Personal information
- Full name: Grant Phillip Hodnett
- Born: 17 August 1982 (age 43) Johannesburg, Transvaal Province, South Africa
- Nickname: Hodders, Hoddie
- Height: 6 ft 4 in (1.93 m)
- Batting: Right-handed
- Bowling: Right-arm leg spin
- Role: Opening batsman
- Relations: Kyle Hodnett (brother)

Domestic team information
- 2010/2011-2012/2013: KwaZulu-Natal
- 2002: Gloucestershire Cricket Board
- 2005–2009: Gloucestershire

Career statistics
| Competition | FC | LA | T20 |
| Matches | 26 | 13 | 4 |
| Runs scored | 1,339 | 368 | 133 |
| Batting average | 30.43 | 33.45 | 33.25 |
| 100s/50s | 2/9 | 0/2 | 0/1 |
| Top score | 168 | 72* | 60 |
| Balls bowled | 237 | – | – |
| Wickets | 6 | – | – |
| Bowling average | 41.33 | – | – |
| 5 wickets in innings | 0 | – | – |
| 10 wickets in match | 0 | – | – |
| Best bowling | 2/21 | – | – |
| Catches/stumpings | 20/– | 7/– | 2/– |
- Source: , 12 September 2013

= Grant Hodnett =

South African-born English cricketer

Grant Phillip Hodnett (born 17 August 1982) is a South African-born English cricketer, who holds a British passport from birth and qualified to play for England through residency. Hodnett is a right-handed batsman who bowls leg break. He was born in Johannesburg, Transvaal Province and educated at Northwood High School in Durban.

==Cricket career==
Hodnett appeared for the Gloucestershire Cricket Board in the 2002 MCCA Knockout Trophy, after impressing for Cheltenham Cricket Club, he was signed by Gloucestershire for the 2005 season. He made his debut in a first-class match against Warwickshire in the 2005 County Championship. The following season he made his List A debut against Sussex in the 2006 Cheltenham & Gloucester Trophy, while the 2007 season saw Hodnett gain an extended run in Jon Lewis' County Championship team, making fifteen appearances in that season, Hodnett scored 886 first-class runs in this season, which came at an average of 36.91, with a high score of 168. He also made his last three List A appearances for Gloucestershire in the 2007 season during the Friends Provident Trophy. He scored 114 runs in his four List A matches for the county, which came at an average of 28.50, while he made a single half century with a score of exactly 50 against Somerset.
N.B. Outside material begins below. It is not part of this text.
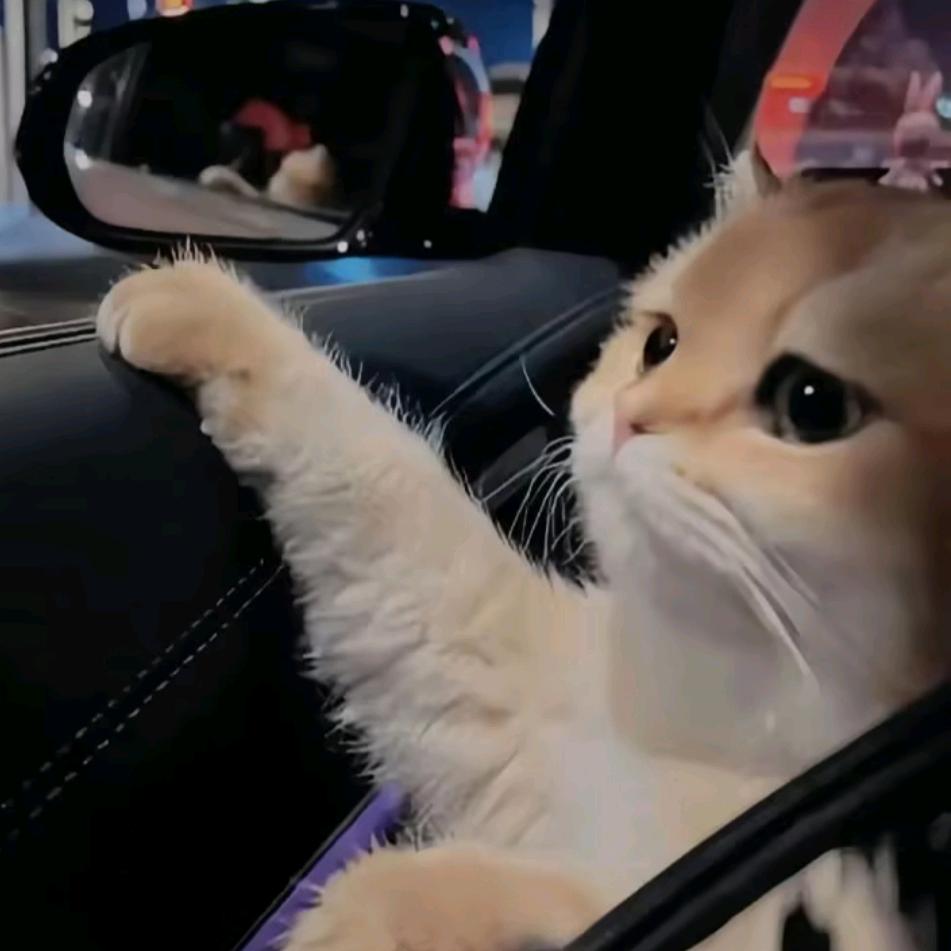 ℳঞ 王 ໌້ᮨ《七》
However, in 2008 Hodnett lost his place in the Gloucestershire side, after which he admitted he was suffering from severe depression. He sought treatment for the condition from sports psychologist Brian Copley (who had also helped Marcus Trescothick through his depression). He returned for the 2009 season having missed much of the previous season and made his Twenty20 debut against Worcestershire in the Twenty20 Cup. He made three further matches in the competition, in his final appearance against Northamptonshire, Hodnett scored 60 runs from 46 balls.

Back in his native South Africa, Hodnett made two List A appearances in October 2010 for KwaZulu-Natal against North West and South Western Districts in the CSA Provincial One-Day Competition.

==Criminal convictions==
In September 2020 at Warrington Magistrates' Court, Hodnett was sentenced to 24 weeks in prison suspended for two years and was ordered to complete a two-year community service order, having been found guilty of a charge of stalking involving serious alarm or distress against a former girlfriend. The court also approved a restraining order preventing Hodnett from contacting the defendant and ordered him to pay court costs.

On 22 February 2024, Hodnett was sentenced to 18 months in jail for violating a restraining order and stalking.

He was released 9 months into his 18 month sentence and re-arrested in November 2024 after breaching strict "licence conditions which required him to disclose any developing relationships."